The "Appearance" => "Customize fonts" subpage renders slowly due to the number of <option> elements to add to the DOM (400 x 4 on my machine; depends on installed fonts).
Creating this page takes long enough that the expand animation drops most or all of its frames -- the page starts to fade in in-place, and the section immediately expands once the <select>s have been built.
The canonical fix is to set initial-count on dom-repeat. 10 would probably be a good trade-off between performance and latency. https://www.polymer-project.org/1.0/docs/api/dom-repeat
But settings-dropdown-menu expects all its items to be rendered in one chunk.
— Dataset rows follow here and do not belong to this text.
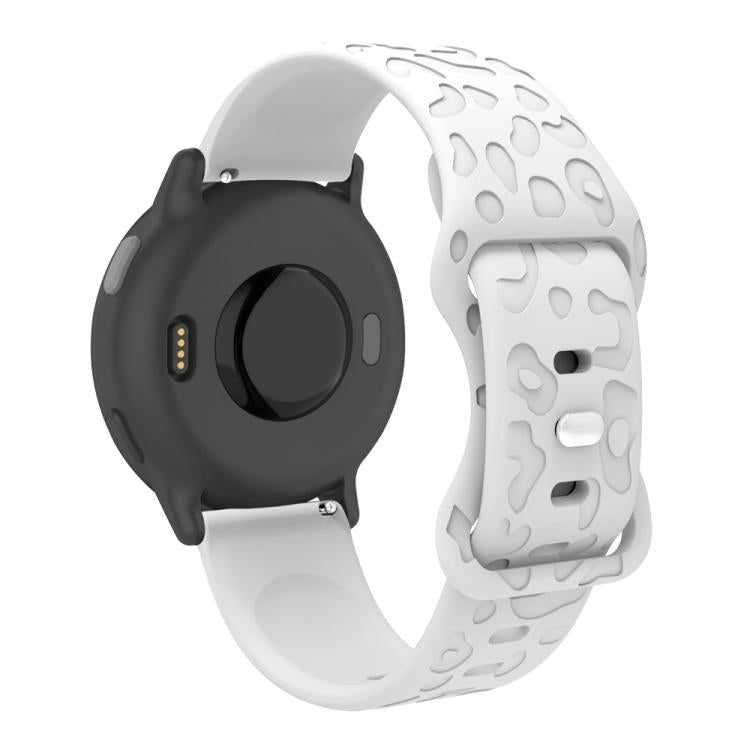 xDfind Leopard Print Silicone Watch Band, 18mm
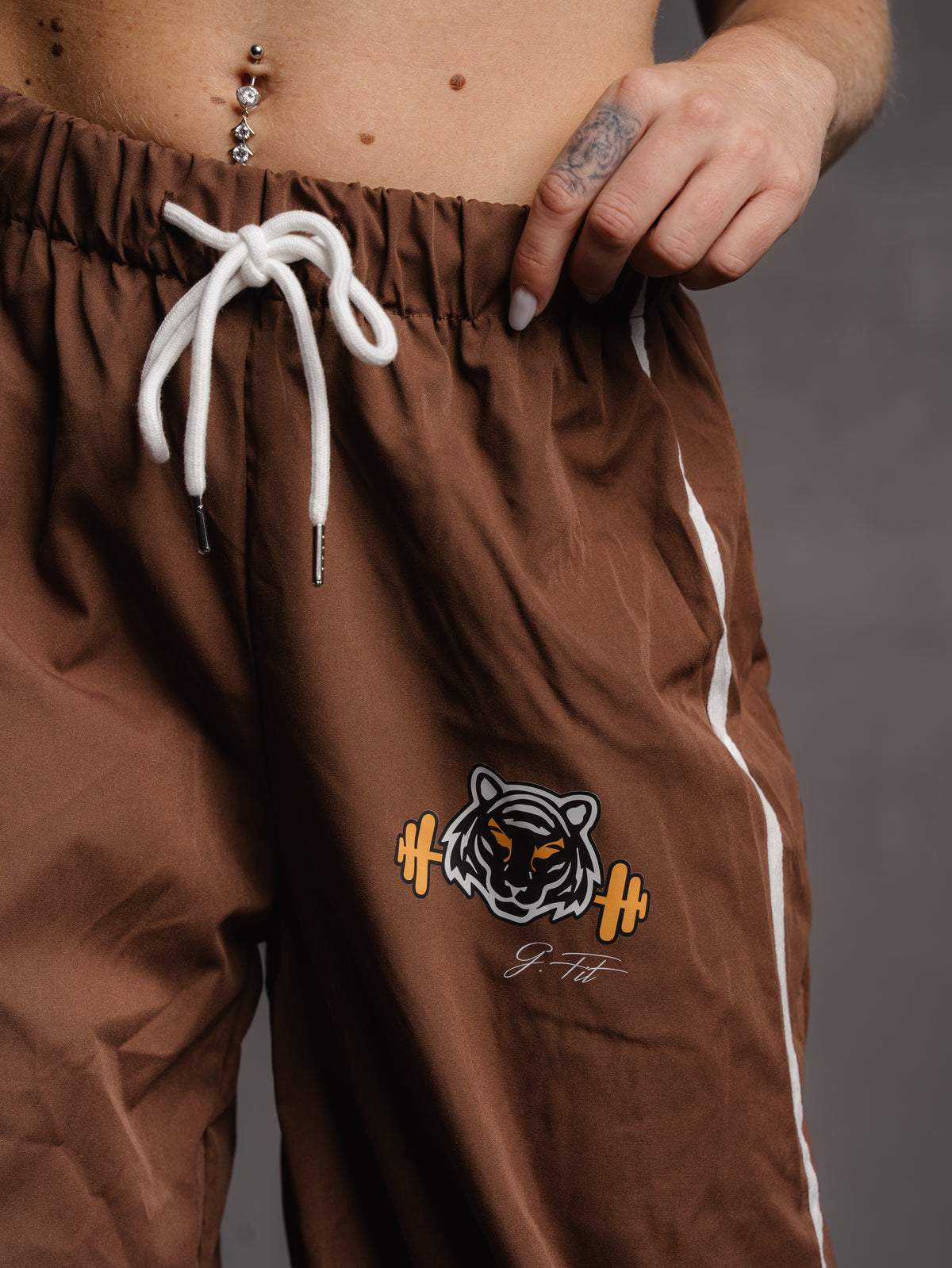 AEROBICS UNISEX PANTS BROWN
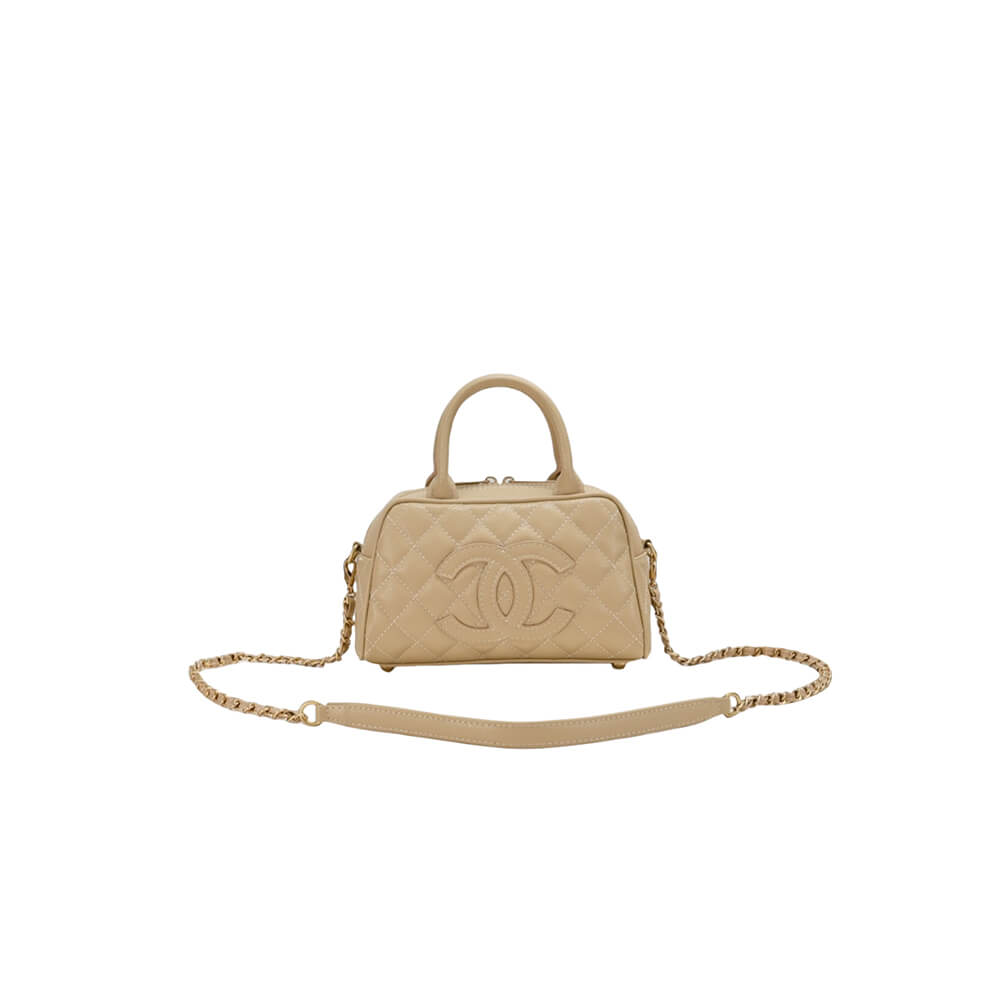 CHANEL Small Vintage Boston Bag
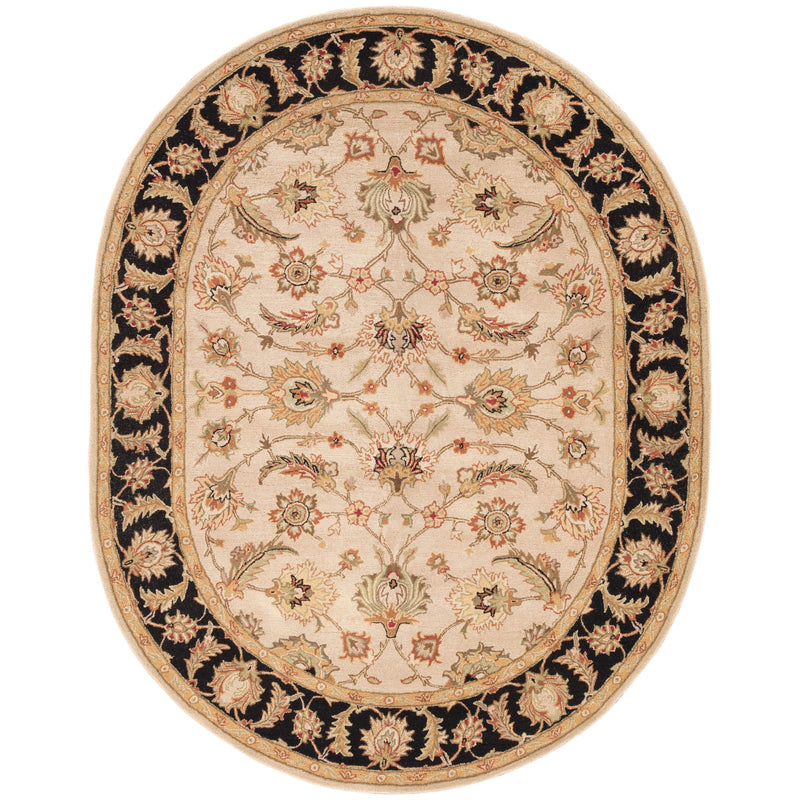 media image for my02 selene handmade floral beige black area rug design by jaipur 5 244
It schedules an async task when its |items| property changes which either updates the <select> to the pref's value, or shows a special "Custom" value if the pref's value isn't found in the options list.
https://cs.chromium.org/chromium/src/chrome/browser/resources/settings/controls/settings_dropdown_menu.js?type=cs&q=file:settings_dropdown_menu%5C.js+this%5C.async&l=100
Thus, if the dom-repeat renders asynchronously in chunks, the settings-dropdown-menu may come up with an invalid option index (because the pref value's option in the menu's |items| array doesn't correspond to a stamped <option> yet). This results in the <settings-dropdown-menu> showing the first option in the list, instead of the pref value.
I haven't found a "items-finished-rendering" type of event on dom-repeat. We could listen to dom-change, but that seems gratuitous.